(SUPPLIED ENTRIES)

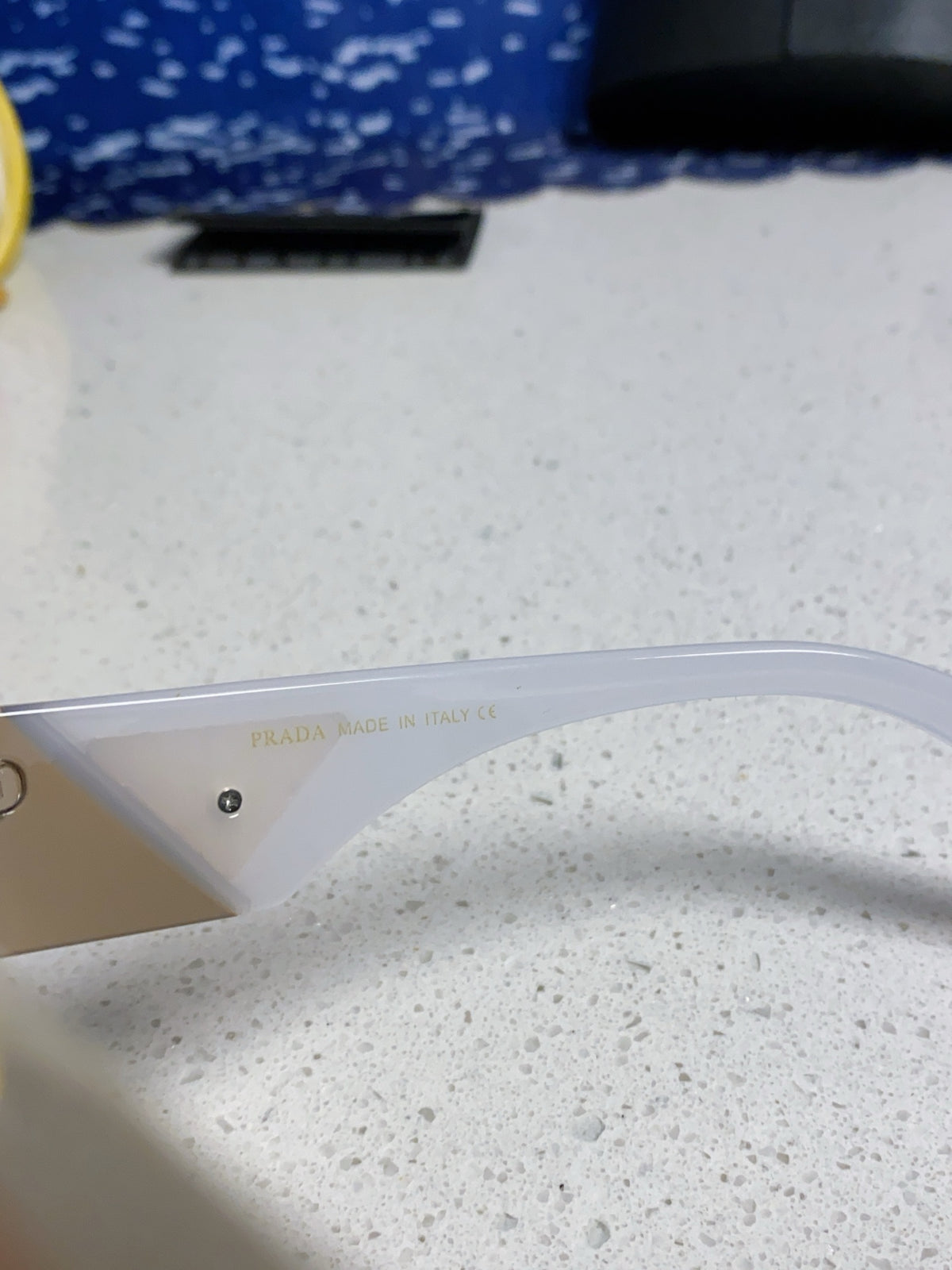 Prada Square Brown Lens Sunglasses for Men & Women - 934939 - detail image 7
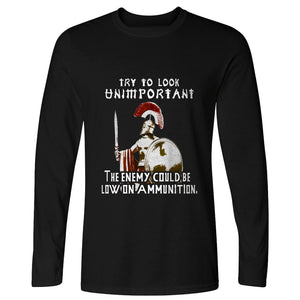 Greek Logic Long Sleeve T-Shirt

(End SUPPLIED ENTRIES)
(SUPPLIED ENTRIES)

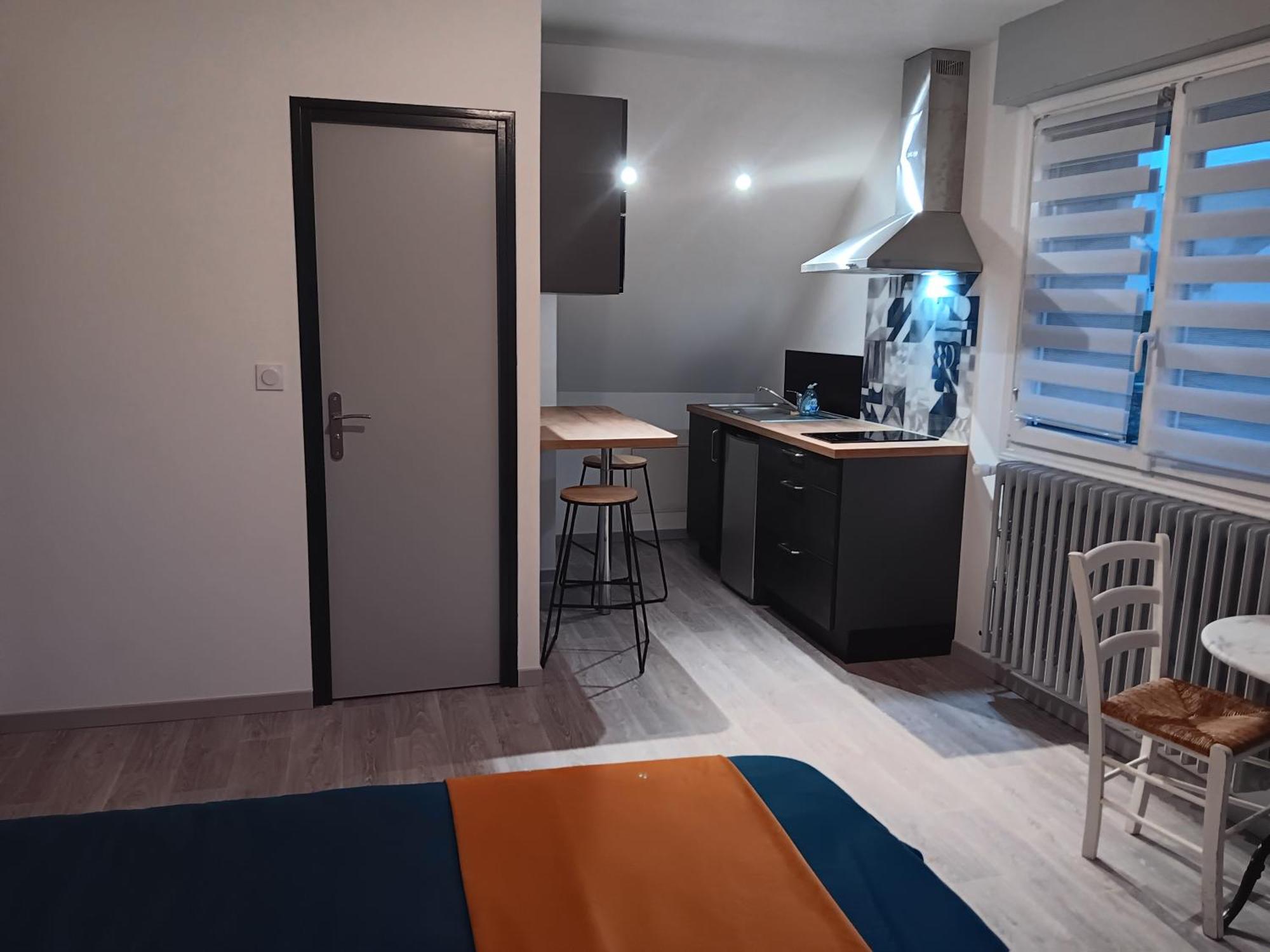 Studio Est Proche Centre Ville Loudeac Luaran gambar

(End SUPPLIED ENTRIES)

## TASK TO COMPLETE
Set down again, exactly, every line above from the one with "Prada Square Brown" down to the one with "Greek Logic Long Sleeve T-Shirt", both ends included. No pictures, and nothing else.

## RESULT
 Prada Square Brown Lens Sunglasses for Men & Women - 934939 - detail image 7
 Greek Logic Long Sleeve T-Shirt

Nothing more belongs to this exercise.